Machine Learning Training
The Machine Learning Training module is the core of ChemXploreML, providing a comprehensive suite of tools for building, optimizing, and evaluating predictive models for molecular properties. The interface is organized into two main tabs: ML Model for training and ML Prediction for using a trained model.
ML Model Tab
This tab contains a multi-panel interface that guides you through the entire model training workflow, from data selection to advanced hyperparameter tuning and model evaluation.
Workflow Overview
- Select Input Data: Choose the molecular embeddings and the corresponding data file.

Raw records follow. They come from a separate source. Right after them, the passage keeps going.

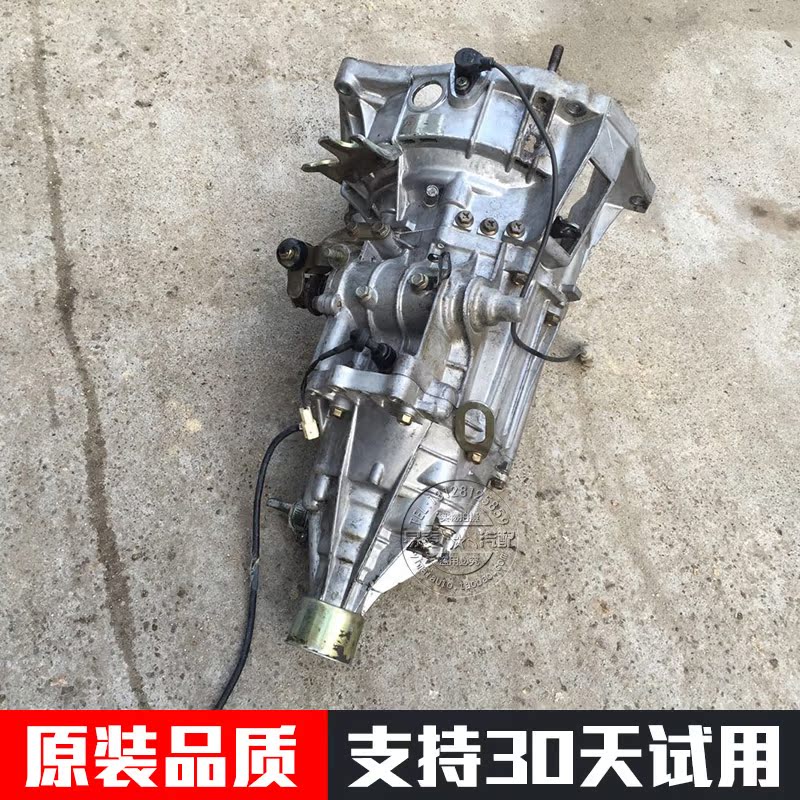 长安之星 五菱之光 东风小康 474 1.3手动变速箱 波箱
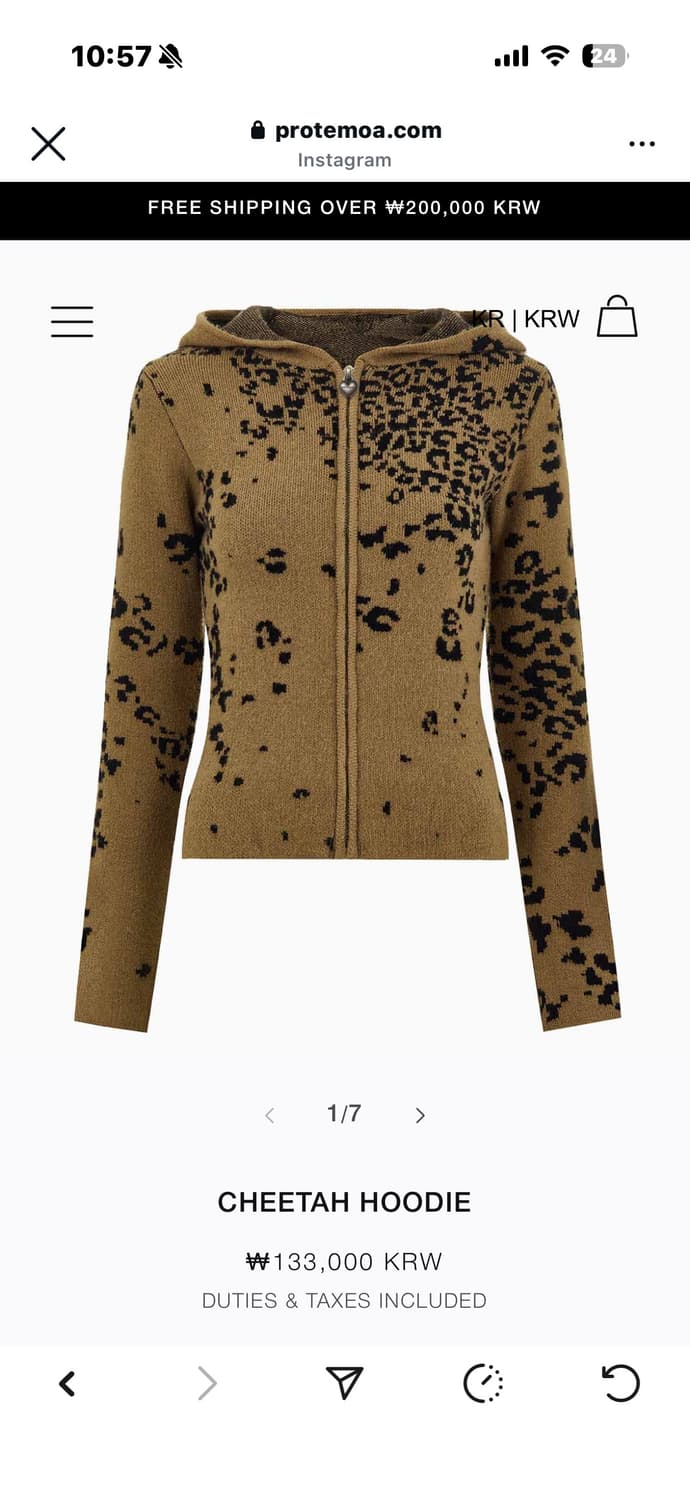 Protemoa knit zipup 상품이미지3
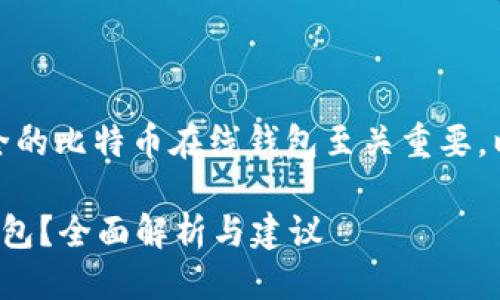 思考一个且的: 

在当今数字货币的世界里，一个安全的比特币在线钱包至关重要。以下是为此设计的以及相关关键词。

如何选择安全可靠的比特币在线钱包？全面解析与建议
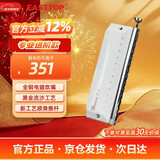 东方鼎（EAST TOP）半音阶口琴12孔48音白色款 梦想者2.0 专业演奏初学练习通用款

- Configure Training: Set up the train/test split, cross-validation, and other basic parameters.
- Choose a Model: Select a machine learning algorithm and configure its parameters.
- Set Advanced Options: Optionally, configure advanced features like data cleaning, hyperparameter tuning, and model interpretability analysis.

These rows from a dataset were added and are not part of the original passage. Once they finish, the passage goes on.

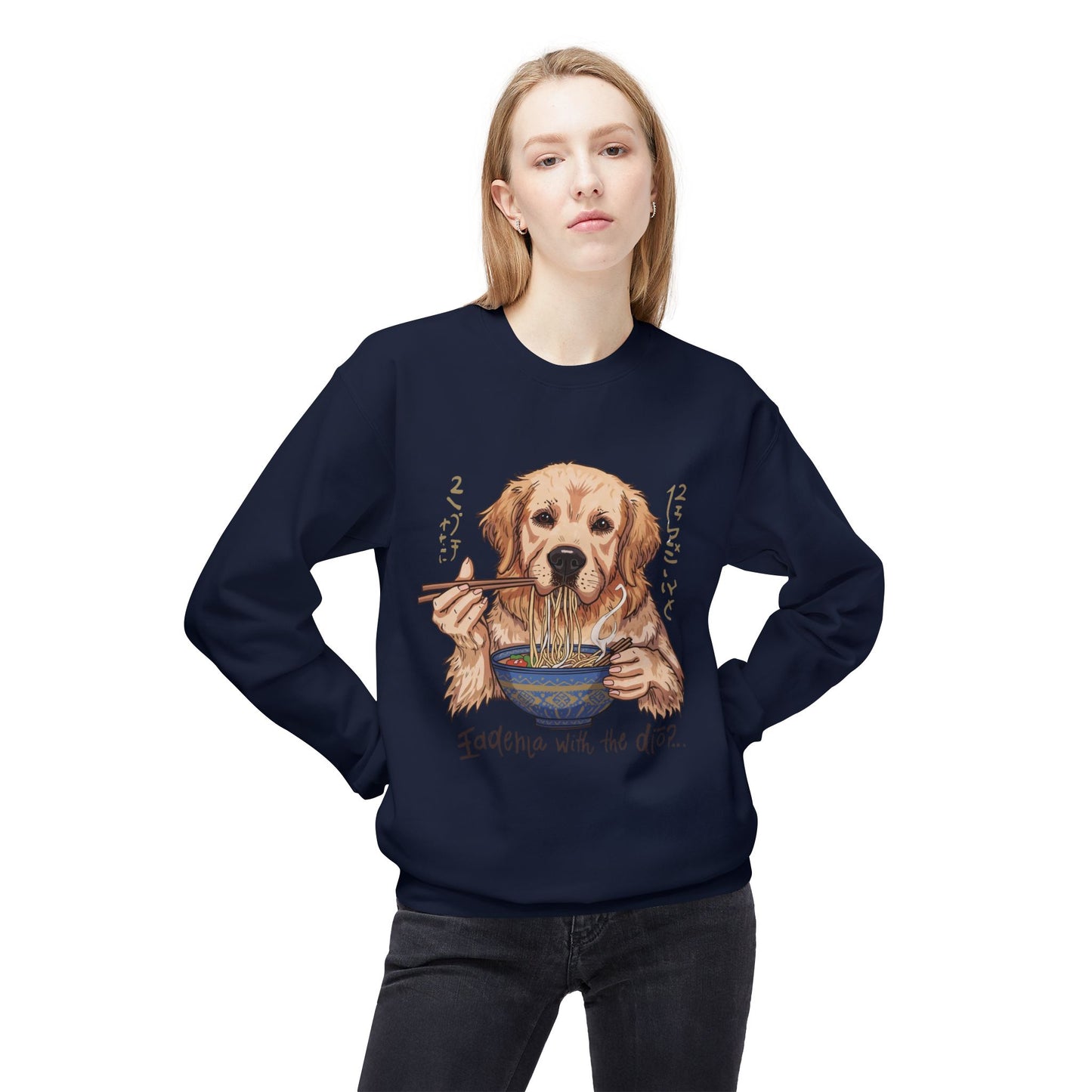 Noodle Dog Logic Graphic Sweater | Eco-Limited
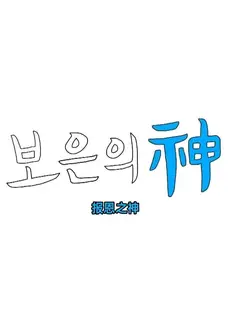 报恩之神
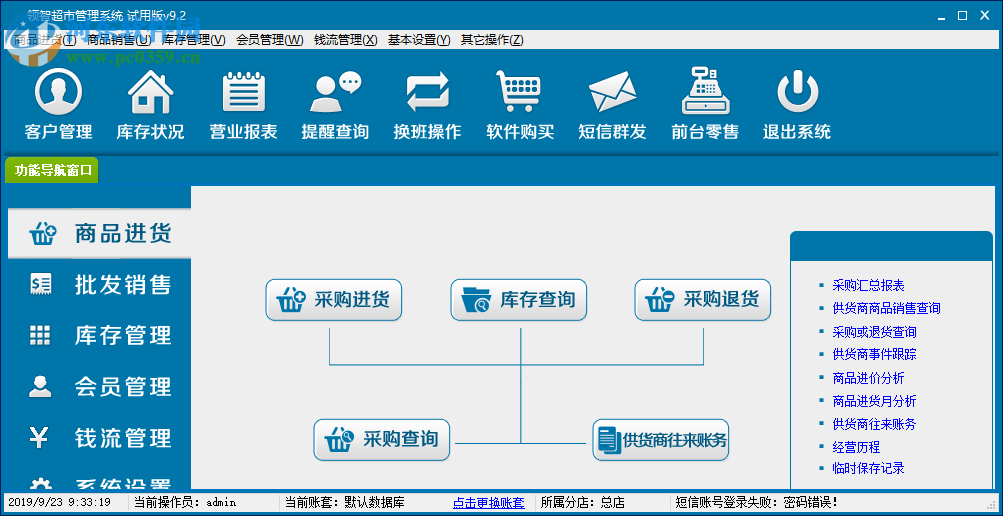 領(lǐng)智超市管理系統(tǒng) 9.2 官方版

- Save and Run: Specify a location to save the trained model and its results, then start the training process.
- Analyze Results: Review the performance metrics, plots, and analysis results to evaluate your model.
1. Training File Panel
This panel is for selecting the input data for model training.
- Embeddings File: Choose the
.npy
file containing the molecular embeddings you generated previously. - Training Data File: Select the corresponding data file (e.g., CSV) that contains the target property values (Y-column).
2. Control Panel
Here, you configure the fundamental aspects of the training and validation process.
- Train/Test Split: Set the percentage of data to be used for the test set.
- Cross-Validation: Enable k-fold cross-validation and specify the number of folds. This is highly recommended for robust model evaluation.
- Hyperparameter Tuning: Choose a strategy for optimizing your model's hyperparameters:
- None: Train the model with the manually specified parameters.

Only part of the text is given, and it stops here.